The end result will be a sandwich of epic decadence. Savory pimento cheese. Salty-smoky ham. Sweet crunchy pickles. It looks a lot messier than it is, but grab a few napkins just in case.
CHEESED TO MEET YOU
Pimento cheese, fried smoked ham, and bread & butter pickles on grilled country bread
Makes 1 sandwich
2 slices Country or Sourdough bread
6 tablespoons Pimento Cheese (see recipe below)
2-3 ounces of Smoked Ham
6 Bread & Butter Pickles (like those in the Cha Cha Hut BBQ Cookbook)
Butter for grilling
Fry the ham in a skillet over medium heat until lightly browned. Remove from the skillet and set aside on a plate.
Take the bread slices and divide the pimento cheese equally between them. You want to have a nice 1/8″ – 1/4″ layer of cheese on each slice. Pile the ham on one of the bread slices and top this the pickles. Cover with the other slice of bread, pimento cheese side down of course.

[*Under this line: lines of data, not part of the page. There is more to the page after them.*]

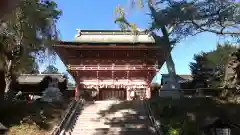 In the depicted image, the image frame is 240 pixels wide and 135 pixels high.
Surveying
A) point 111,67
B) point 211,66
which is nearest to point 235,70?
point 211,66

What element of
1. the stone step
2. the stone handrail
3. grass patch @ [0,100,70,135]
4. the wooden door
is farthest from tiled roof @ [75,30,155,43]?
the stone step

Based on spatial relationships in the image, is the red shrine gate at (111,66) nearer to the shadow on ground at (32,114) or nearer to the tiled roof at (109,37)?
the tiled roof at (109,37)

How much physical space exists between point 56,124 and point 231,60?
14.2 m

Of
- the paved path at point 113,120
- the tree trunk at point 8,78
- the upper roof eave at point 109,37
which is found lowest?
the paved path at point 113,120

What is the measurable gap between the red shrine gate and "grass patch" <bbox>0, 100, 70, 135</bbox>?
344 inches

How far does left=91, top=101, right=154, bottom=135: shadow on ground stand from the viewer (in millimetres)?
14534

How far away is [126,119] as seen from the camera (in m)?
16.2

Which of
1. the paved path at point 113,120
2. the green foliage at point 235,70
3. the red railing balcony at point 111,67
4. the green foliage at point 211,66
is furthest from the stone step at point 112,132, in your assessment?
the red railing balcony at point 111,67

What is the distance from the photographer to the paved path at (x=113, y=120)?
47.9ft

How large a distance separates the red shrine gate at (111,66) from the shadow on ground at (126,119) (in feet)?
24.4

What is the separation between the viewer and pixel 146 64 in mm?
27188

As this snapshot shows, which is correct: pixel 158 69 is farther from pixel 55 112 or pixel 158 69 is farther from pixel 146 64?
pixel 55 112

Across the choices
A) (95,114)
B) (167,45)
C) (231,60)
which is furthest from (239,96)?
(95,114)

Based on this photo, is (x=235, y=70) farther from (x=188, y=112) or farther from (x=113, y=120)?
(x=113, y=120) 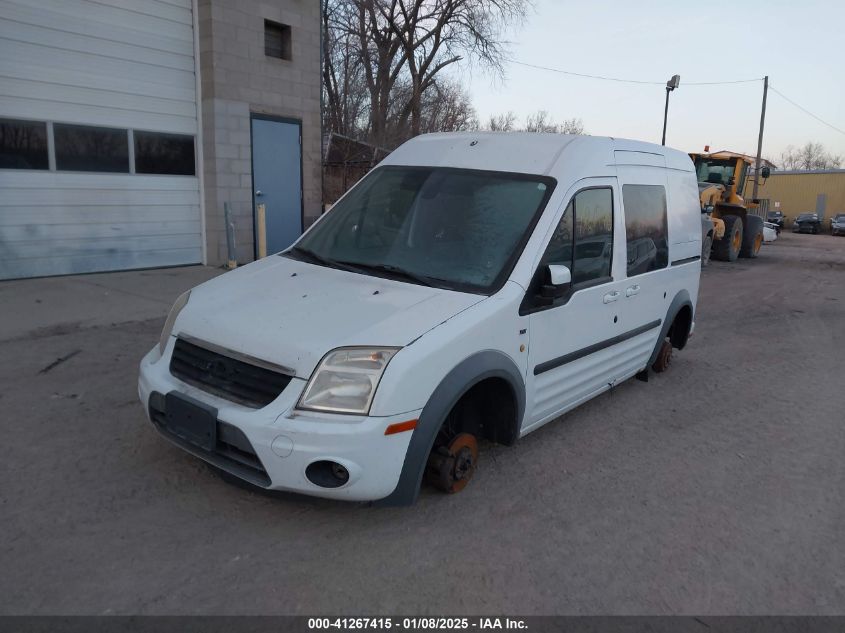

Lightly butter the outside of the assembled sandwich. Place in a skillet over medium to medium-low heat and grill until golden brown. Take care when flipping the sandwich as pimento cheese can get a bit messy in the pan.
Makes 1 pint
½ lb cheddar cheese
⅓ c mayo
1 roasted red peppers
⅛ c candied jalapenos (or pickled jalapenos)
⅓ tsp Worcestershire
⅓ tsp yellow mustard
¼ tsp garlic powder
¼ tsp onion powder
¼ tsp black pepper
¼ tsp salt
Roast the red peppers on the stove, in the oven or – ideally – on a grill with a bit of wood smoke until skin is charred. Place the roasted peppers in a paper bag (or cover them in a bowl) and let them steam a bit. When cool enough to handle, peel off skin, remove seed and set aside.
Finely shred the cheddar cheese.
Place the roasted red pepper and candied jalapeno in a food processor. Chop until they are almost a paste consistency. Add the shredded cheese, mayo, Worcestershire, yellow mustard & spices.
Blend until it forms a spread – occasionally scraping down the sides. It will appear to be a bit thin and watery. FEAR NOT! Place in a storage container and put in the refrigerator several hours or (even better) overnight. Your patience will be rewarded with a true Southern treat!
NOTE: While a food processor is an optimal tool for this recipe, it is not necessary. Just finely shred the cheese and finely mince the red pepper and jalapeno. Mix everything thoroughly with a spoon. You will not get as smooth of a spread but it will still be delicious.